(Pictures with short captions)
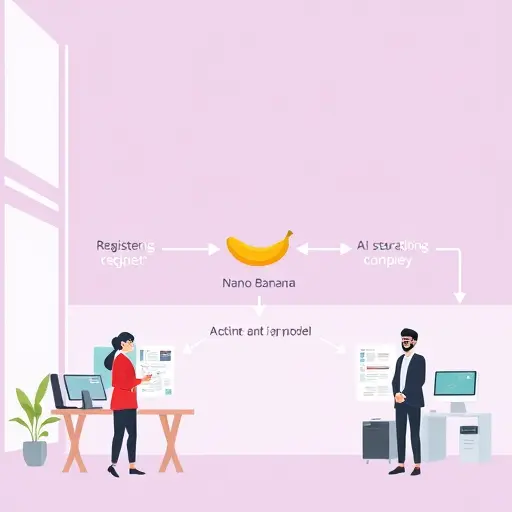 cartoon workflow illustrating user registering in GapGPT, activating nano banana model, building an AI-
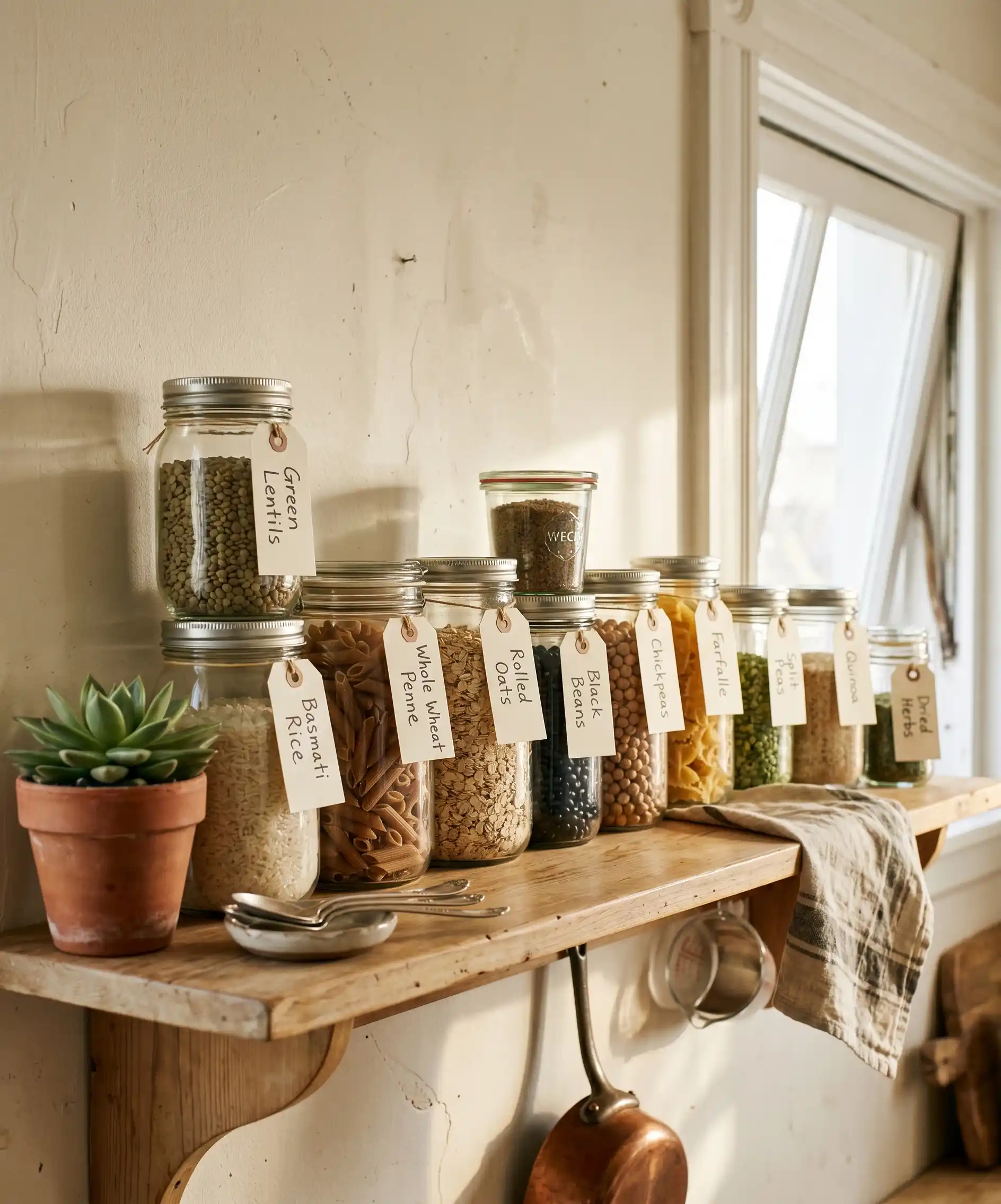A charming, organized photo of a kitchen shelf lined with repurposed glass jars holding dry goods &mdash; lentils, rice, pasta, oats &mdash; labeled neatly with simple tags, warm natural light, giving a sense of practical, beautiful zero-waste homemaking.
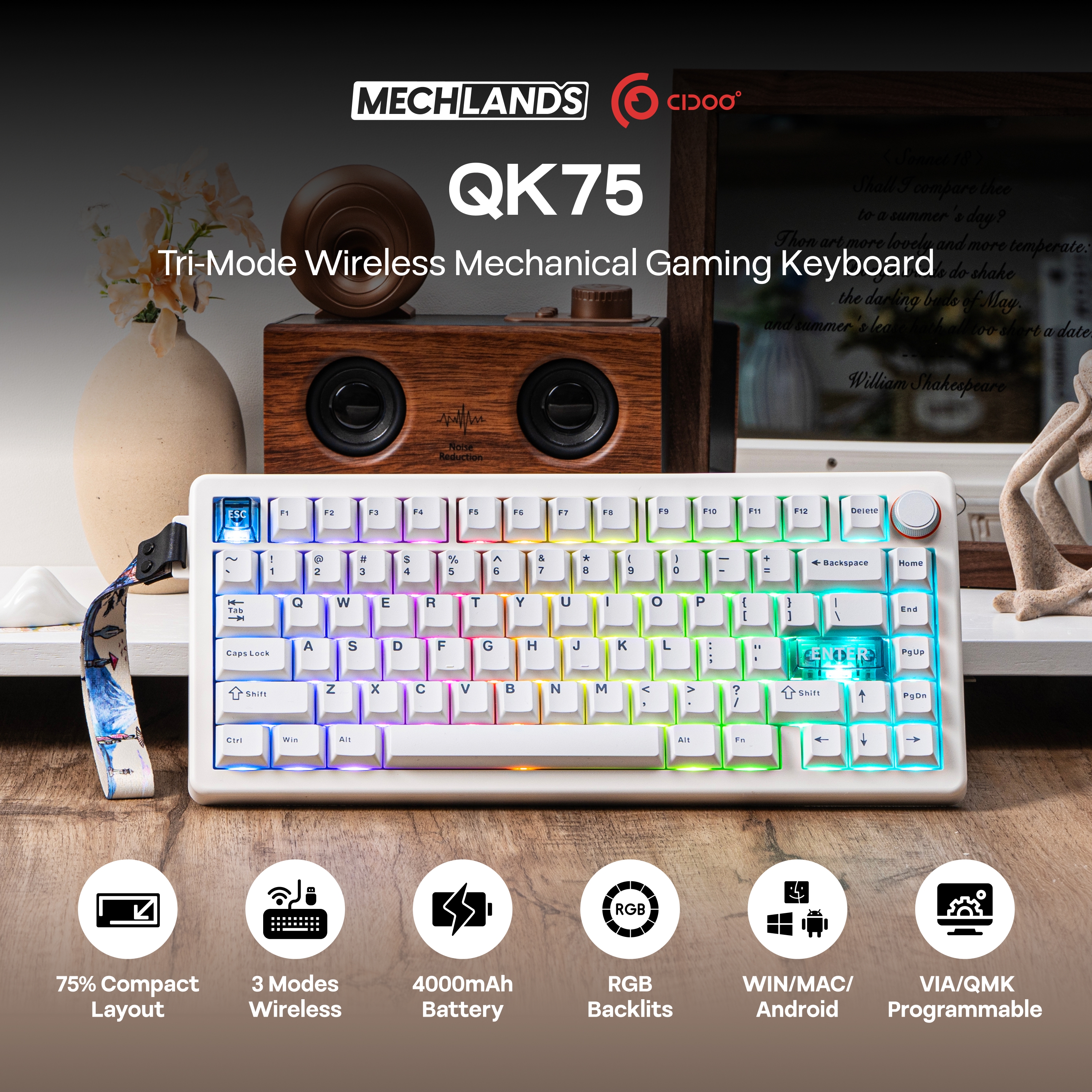 حشية قابلة للبرمجة CIDOO QK75 75% VIA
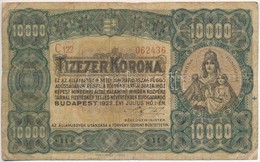 1923. 10.000K 'Orell Füssli Zürich' C és Három Sorozatszám, 6 Sorszám, Piros T:III- 
Adamo K42 - Unclassified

■ GOAL OF THE EXERCISE ■
All of the entries must be reproduced exactly, apart from the pictures, which are to be dropped.

■ YOUR RESPONSE ■
 cartoon workflow illustrating user registering in GapGPT, activating nano banana model, building an AI-
A charming, organized photo of a kitchen shelf lined with repurposed glass jars holding dry goods &mdash; lentils, rice, pasta, oats &mdash; labeled neatly with simple tags, warm natural light, giving a sense of practical, beautiful zero-waste homemaking.
 حشية قابلة للبرمجة CIDOO QK75 75% VIA
 1923. 10.000K 'Orell Füssli Zürich' C és Három Sorozatszám, 6 Sorszám, Piros T:III- 
Adamo K42 - Unclassified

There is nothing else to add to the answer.